Jump if you're interested.
Given that this is the first of many lectures around the topic of blogging, the happenings of today were barely a modicum of what I hope we discuss.
However, even in the introduction lecture around the issue of blogging, we couldn't help but talk about daily kos.
We were watching the Frontline special in which yearlykos was featured and Markos was interviewed (about a quarter of the way through the video).
Once the chapter of the special was over, the lights went up, and we, as a class, started talking about the ethics of the blogosphere and the interesting idea of unregulated news making and telling.
It was really interesting to be talking about a site I visit daily for fun and intrigue in such a serious context and manner.
We had big questions raised and very little time to talk about them, but what was had, was fun.
One of my peers had the opinion that such unregulated grassroots blogging such as the diaries one sees here on daily kos, should be looked at as problematic, for what decent original research and information could bubble to the top of the perceived cacophony of direct democratic input?

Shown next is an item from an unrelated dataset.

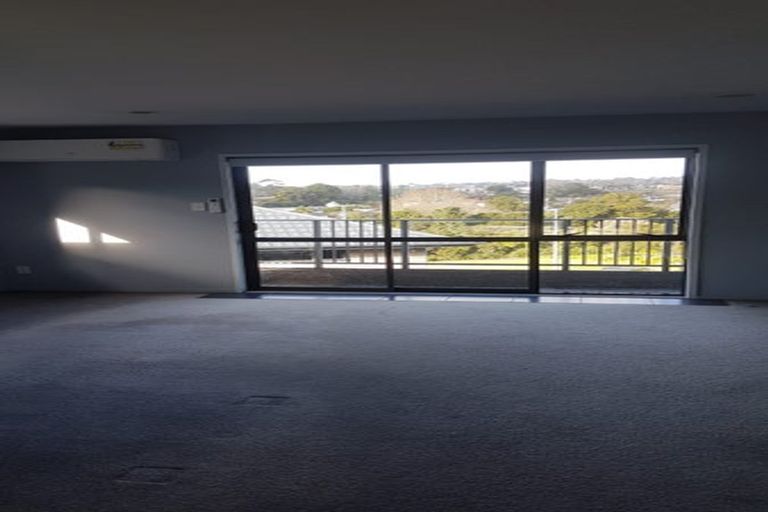 Photo of property in 71a Buscomb Avenue, Henderson, Auckland, 0610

It was fun, because I am of the mind that the internet, and blogs such as daily kos, present to us the new hope for overcoming the deadlocked MSM, where decent reporting is often overlooked through their own brand of cacophony, one that blares 24 hours a day.
I argued that daily kos, while it sometimes can be a little light on research or a little quick to the gun, does its readers a humongous service by allowing sometimes more ignored stories to surface and get noticed.

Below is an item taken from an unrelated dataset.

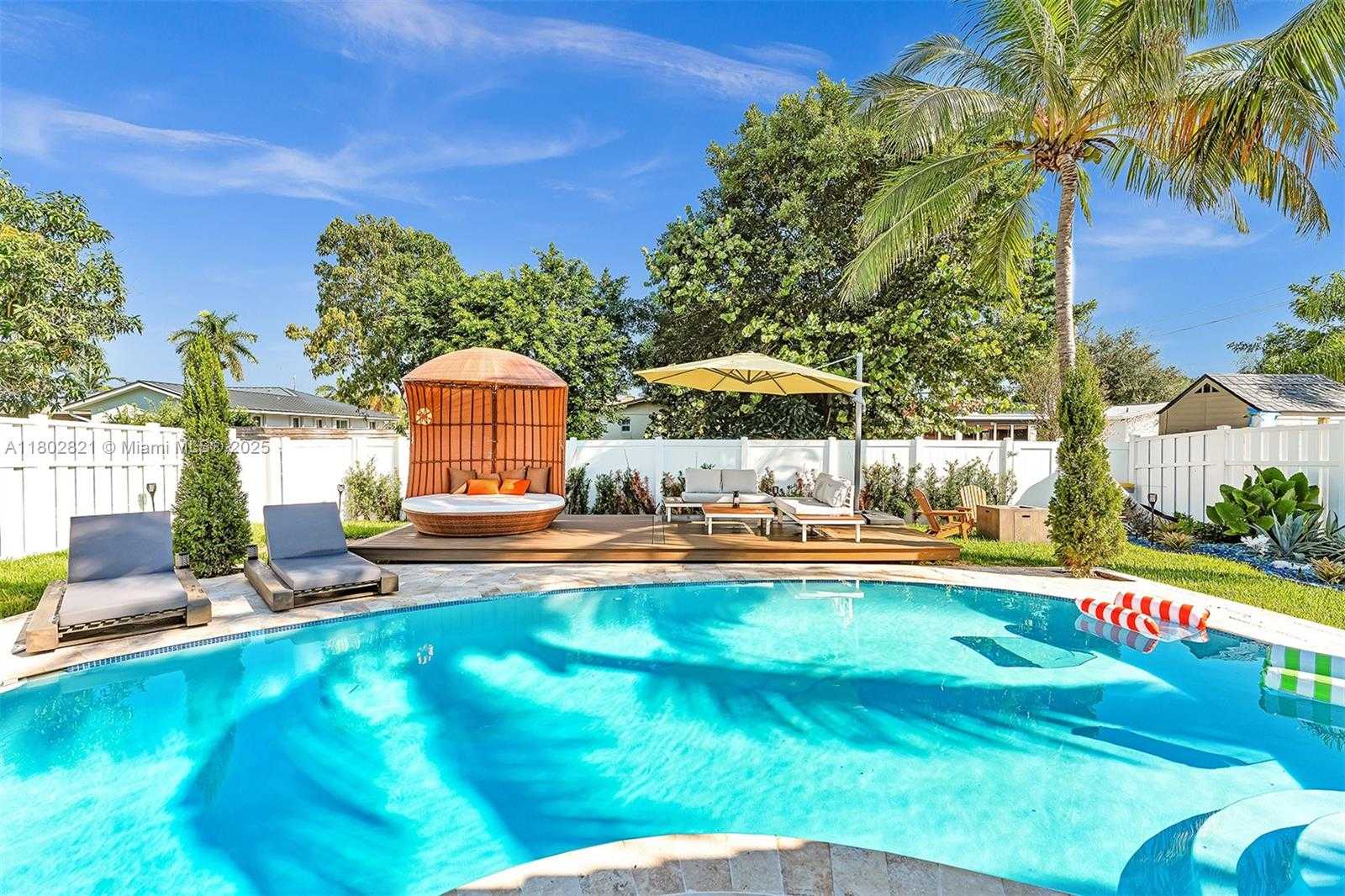 Small Image of 5005 JOHNSON ST, Hollywood Number 27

The peer review system of diaries is the example I used to support the idea that while there is a lot of information on this site at any one time (which some might find problematic and in need of regulation), you can generally be guaranteed of interesting information, if not mind blowing research, or at least a decent read when you look at the front page and rec list. The community here at daily kos is interested in finding out the truth, and while an initial post could be light on research, one can come back two days later, and see the same diary on the rec list, with hundreds of comments and a fist full of updates.
I look at the blogosphere in general, and daily kos specifically, as an interesting light at the end of a very dark tunnel. I believe that without the absolute freedom the internet affords by way of content, to those of us who are fortunate enough to have the money and time and education to use it, the MSM would slowly be suffocating us. The internet is a tool of honesty; a gigantic pool of information, which, when fished with the right pole, can and will provide you incredible volumes of knowledge. Daily kos is my fishing pole in this grad thing called the internet, and everyday, I have the potential to snag a couple big ones.

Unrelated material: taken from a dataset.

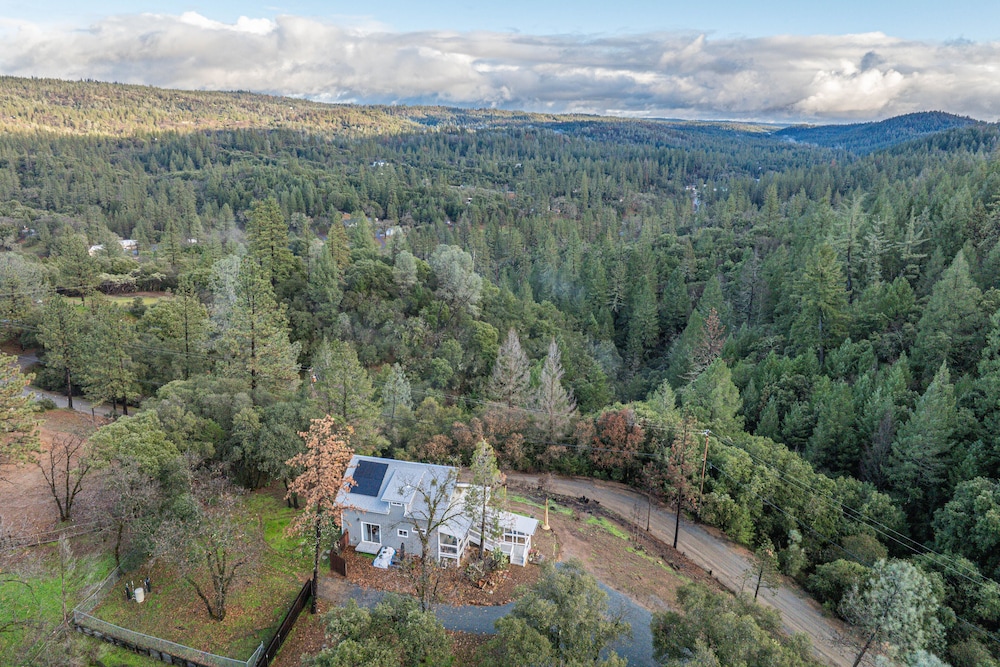 Grass Valley Vacations - Scenic Greenwood Home w/ 5 Acres  Deck! - Property Image 1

It is encouraging to me that blogs like daily kos could be lecture hall names. I know the University of California's not exactly the best example of the digital divide, but every little bit helps.
The internet really and truly permits a new level of political participation. There is of course the fact that still, more often then not, the internet falls into the hands of the educated and wealthier individuals of this world, but I'm hopeful that the internet makes it at least more economically feasible for more people to be included. Or at least easier for more of the have's who have not wanted to get involved, to get involved. We're constantly working toward total inclusion, and I believe that the internet could eventually help many more people be involved in politics and activist causes.
Information is power. And there is a lot of information here.
Anyway, just thought you'd be interested to know that we're worthy of an undergraduate introductory lecture.